**WHAT YOU WILL DO:**
The full listing is to be written out again, unchanged.

**INPUT FOR THIS TASK:**
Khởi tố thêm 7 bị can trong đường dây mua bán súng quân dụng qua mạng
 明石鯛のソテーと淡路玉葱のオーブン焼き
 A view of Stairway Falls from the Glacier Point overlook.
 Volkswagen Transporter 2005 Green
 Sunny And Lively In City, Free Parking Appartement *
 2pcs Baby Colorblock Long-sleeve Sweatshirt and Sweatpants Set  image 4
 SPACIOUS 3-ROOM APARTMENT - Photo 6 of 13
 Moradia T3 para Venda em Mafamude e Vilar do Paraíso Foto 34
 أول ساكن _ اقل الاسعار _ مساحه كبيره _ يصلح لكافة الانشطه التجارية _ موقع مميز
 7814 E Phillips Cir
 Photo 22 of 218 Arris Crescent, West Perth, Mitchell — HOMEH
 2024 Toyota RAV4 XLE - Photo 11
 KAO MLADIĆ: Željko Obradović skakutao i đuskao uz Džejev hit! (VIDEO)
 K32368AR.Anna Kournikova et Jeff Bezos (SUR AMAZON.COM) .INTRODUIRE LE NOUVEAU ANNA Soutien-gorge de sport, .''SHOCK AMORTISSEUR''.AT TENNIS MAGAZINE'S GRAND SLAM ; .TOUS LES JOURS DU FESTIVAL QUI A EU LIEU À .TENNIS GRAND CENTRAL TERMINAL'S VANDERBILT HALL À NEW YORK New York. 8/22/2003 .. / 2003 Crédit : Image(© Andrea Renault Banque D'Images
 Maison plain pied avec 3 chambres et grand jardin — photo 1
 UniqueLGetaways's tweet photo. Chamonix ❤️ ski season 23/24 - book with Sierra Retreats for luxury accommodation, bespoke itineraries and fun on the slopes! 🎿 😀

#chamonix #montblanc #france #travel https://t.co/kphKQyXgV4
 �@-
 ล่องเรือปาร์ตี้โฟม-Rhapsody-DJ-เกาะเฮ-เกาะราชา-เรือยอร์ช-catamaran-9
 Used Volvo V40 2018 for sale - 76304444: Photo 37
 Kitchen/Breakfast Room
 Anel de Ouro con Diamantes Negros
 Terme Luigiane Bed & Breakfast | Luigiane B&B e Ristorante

**SOLUTION BELOW:**
Khởi tố thêm 7 bị can trong đường dây mua bán súng quân dụng qua mạng
 明石鯛のソテーと淡路玉葱のオーブン焼き
 A view of Stairway Falls from the Glacier Point overlook.
 Volkswagen Transporter 2005 Green
 Sunny And Lively In City, Free Parking Appartement *
 2pcs Baby Colorblock Long-sleeve Sweatshirt and Sweatpants Set  image 4
 SPACIOUS 3-ROOM APARTMENT - Photo 6 of 13
 Moradia T3 para Venda em Mafamude e Vilar do Paraíso Foto 34
 أول ساكن _ اقل الاسعار _ مساحه كبيره _ يصلح لكافة الانشطه التجارية _ موقع مميز
 7814 E Phillips Cir
 Photo 22 of 218 Arris Crescent, West Perth, Mitchell — HOMEH
 2024 Toyota RAV4 XLE - Photo 11
 KAO MLADIĆ: Željko Obradović skakutao i đuskao uz Džejev hit! (VIDEO)
 K32368AR.Anna Kournikova et Jeff Bezos (SUR AMAZON.COM) .INTRODUIRE LE NOUVEAU ANNA Soutien-gorge de sport, .''SHOCK AMORTISSEUR''.AT TENNIS MAGAZINE'S GRAND SLAM ; .TOUS LES JOURS DU FESTIVAL QUI A EU LIEU À .TENNIS GRAND CENTRAL TERMINAL'S VANDERBILT HALL À NEW YORK New York. 8/22/2003 .. / 2003 Crédit : Image(© Andrea Renault Banque D'Images
 Maison plain pied avec 3 chambres et grand jardin — photo 1
 UniqueLGetaways's tweet photo. Chamonix ❤️ ski season 23/24 - book with Sierra Retreats for luxury accommodation, bespoke itineraries and fun on the slopes! 🎿 😀

#chamonix #montblanc #france #travel https://t.co/kphKQyXgV4
 �@-
 ล่องเรือปาร์ตี้โฟม-Rhapsody-DJ-เกาะเฮ-เกาะราชา-เรือยอร์ช-catamaran-9
 Used Volvo V40 2018 for sale - 76304444: Photo 37
 Kitchen/Breakfast Room
 Anel de Ouro con Diamantes Negros
 Terme Luigiane Bed & Breakfast | Luigiane B&B e Ristorante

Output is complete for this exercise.